▸ What you are asked to do
Skip every picture, and copy exactly the lines from the one containing "5 - Холодильник Hisense RQ768N4GBE, Чёрный" to the end of the data.

▸ Brief descriptive captions
- - -

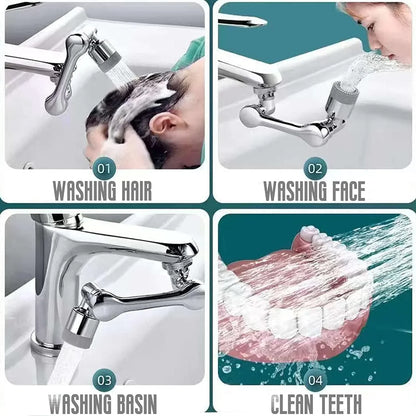 Rotating Faucet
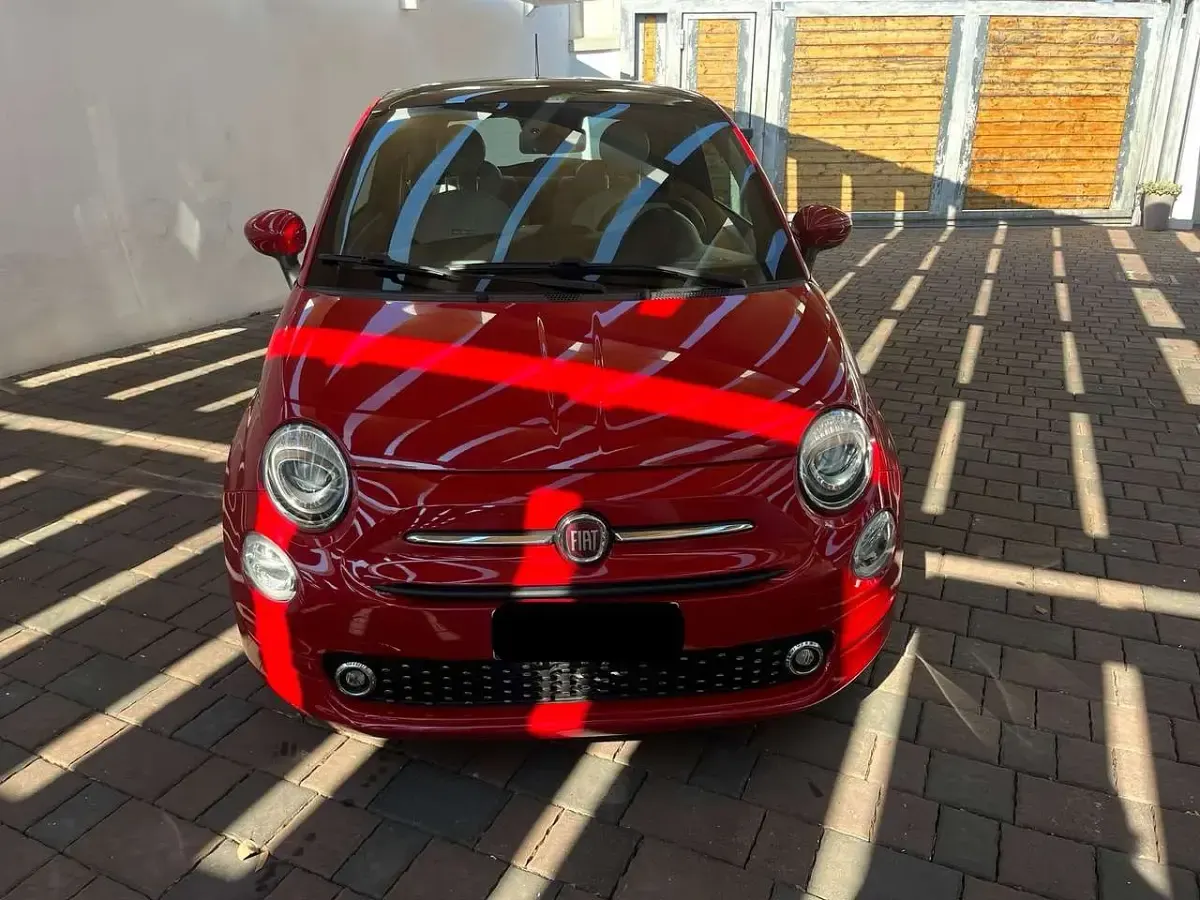 Usata Fiat 500 Dolcevita 69 CV (50 kW) 2022 Rosso Utilitaria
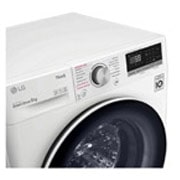 LG Pralka LG Vivace V500 9kg Steam 1400rpm ThinQ F4WV5N9S0E, F4WV5N9S0E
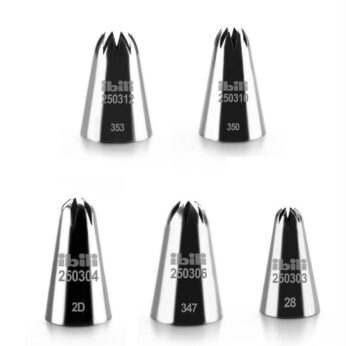 Spuitmondje kartel roos 10mm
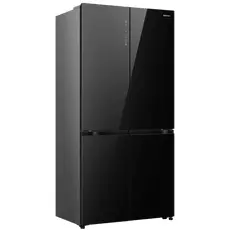 5 - Холодильник Hisense RQ768N4GBE, Чёрный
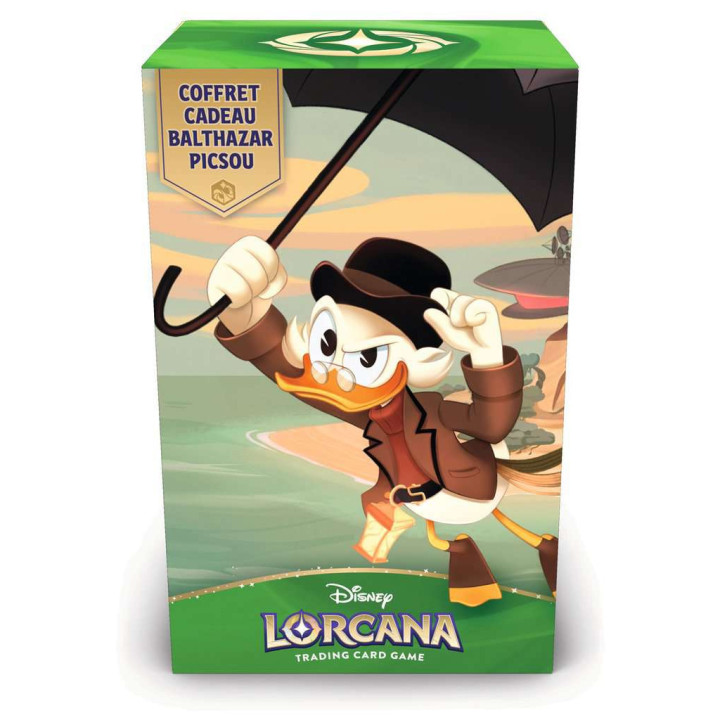 Lorcana - Scrooge McDuck Gift Set. - LORCANA – CARD GAME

- - -

▸ Solution to this problem
 5 - Холодильник Hisense RQ768N4GBE, Чёрный
 Lorcana - Scrooge McDuck Gift Set. - LORCANA – CARD GAME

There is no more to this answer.